WHAT THIS TASK INVOLVES:
Return the lines of the data below starting at the one holding "SHEIN Top de" and ending at the one holding "Black regular fit faux leather bomber jacket", word for word, leaving every picture out.

AVAILABLE RECORDS:
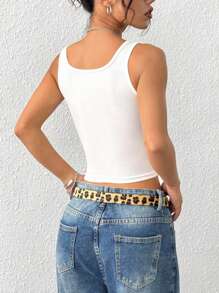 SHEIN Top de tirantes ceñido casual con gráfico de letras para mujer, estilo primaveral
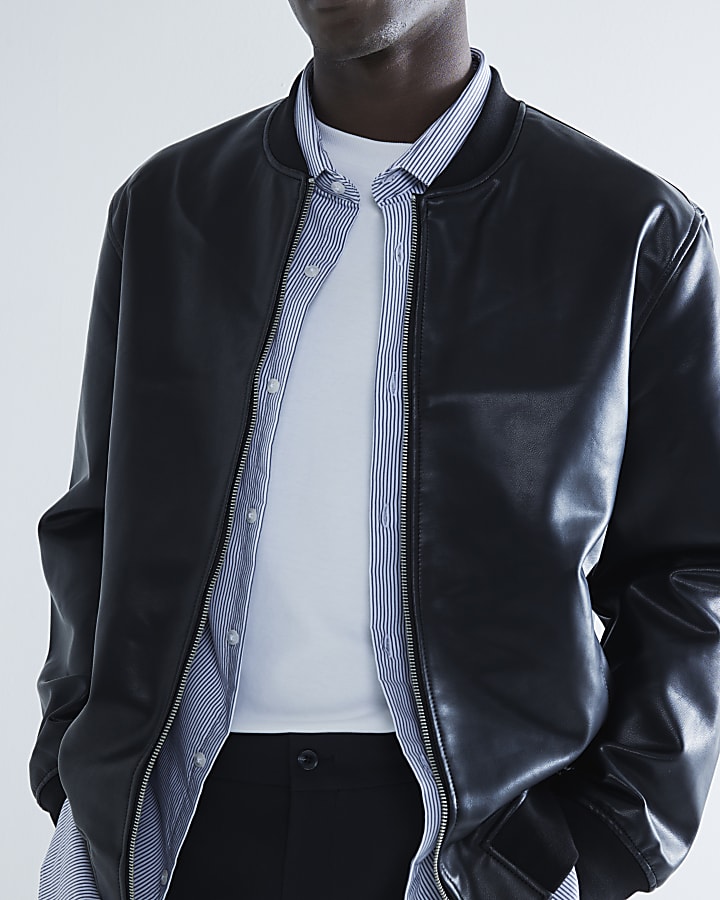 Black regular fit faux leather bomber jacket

==

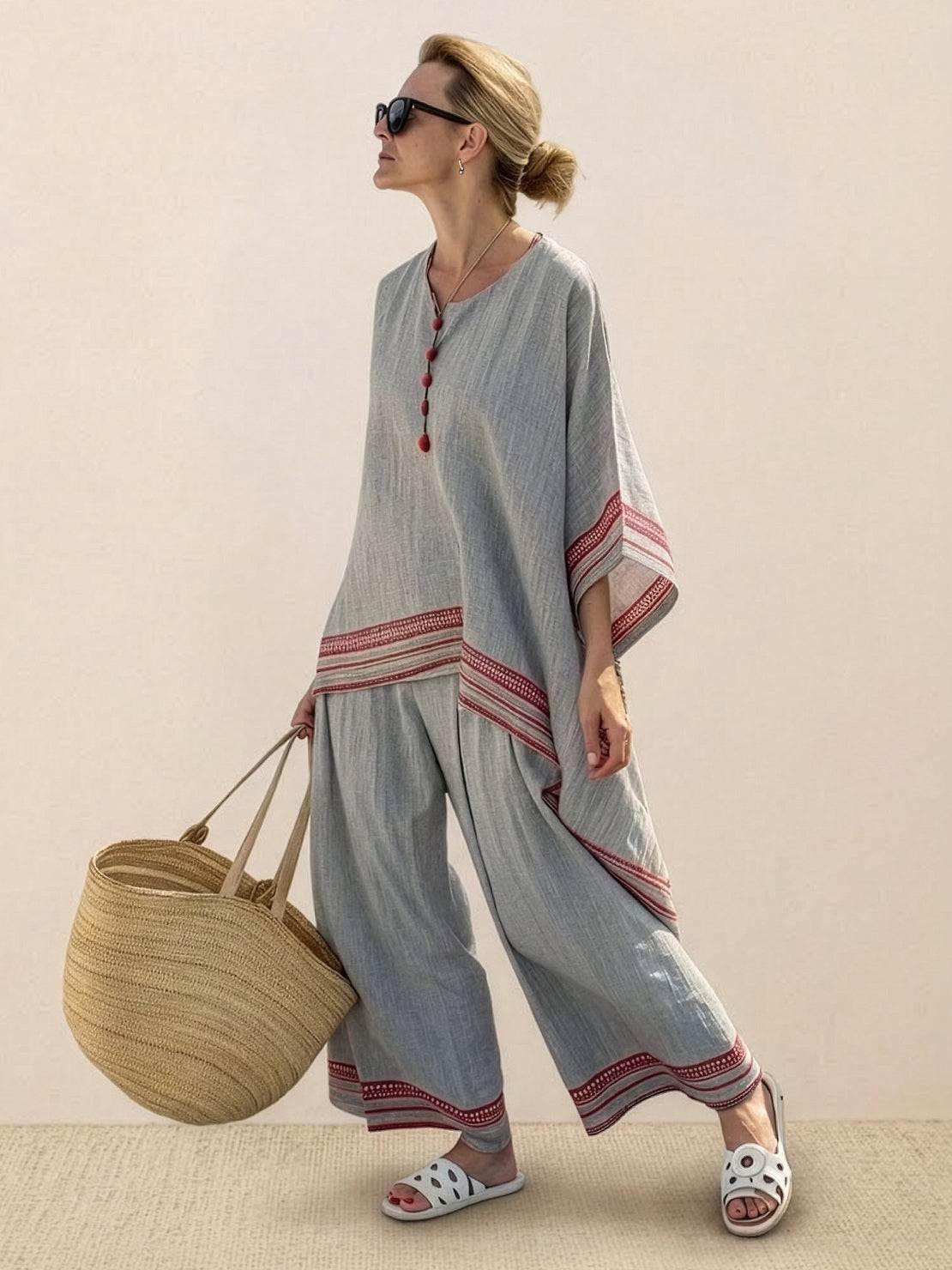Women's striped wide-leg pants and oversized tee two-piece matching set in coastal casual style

WRITTEN SOLUTION:
 SHEIN Top de tirantes ceñido casual con gráfico de letras para mujer, estilo primaveral
 Black regular fit faux leather bomber jacket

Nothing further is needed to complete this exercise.